● **Your instructions**
Leaving the pictures aside, transcribe only and exactly the lines from the one with "STAR WARS CCG" through the end of the entries, both included.

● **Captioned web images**
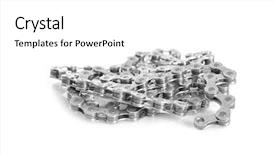  Presentation with supply chain integration - Presentation design featuring bicycle chain on white background background and a  colored foreground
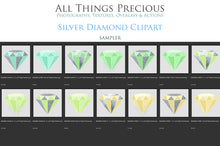 Load image into Gallery viewer, SILVER &amp; COLOUR DIAMONDS - Clipart FREE DOWNLOAD
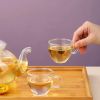 Glass Tea Pot with 4 Tea Cups, Removable Infuser, Blooming and Loose Leaf Tea Maker and Teacups Set, Stovetop Microwave Safe Tea Kettle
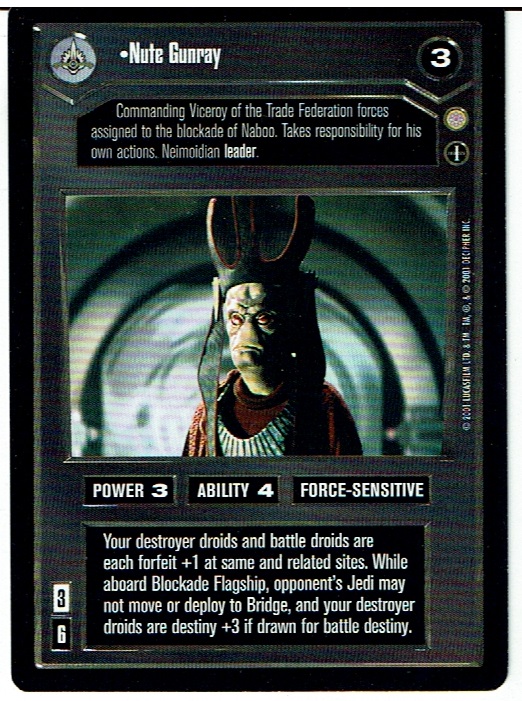 STAR WARS CCG CORUSCANT, DARK SIDE RARE CARD NUTE GUNRAY ex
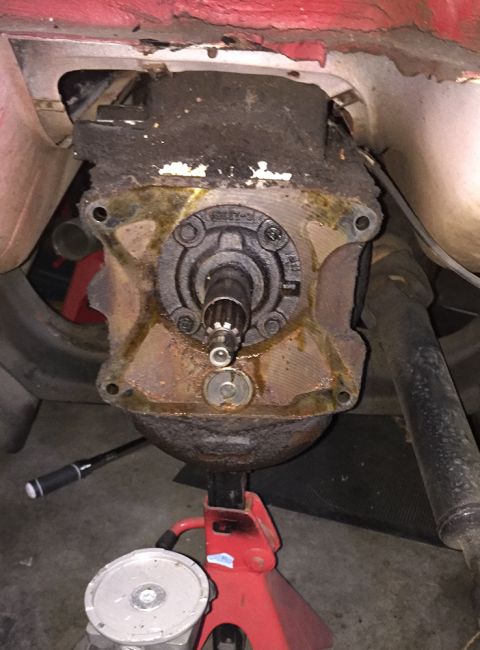 1978 Ford Bronco - Transfer case component, likely from a 4x4 vehicle, undergoing maintenance or repair.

● **Written response**
 STAR WARS CCG CORUSCANT, DARK SIDE RARE CARD NUTE GUNRAY ex
 1978 Ford Bronco - Transfer case component, likely from a 4x4 vehicle, undergoing maintenance or repair.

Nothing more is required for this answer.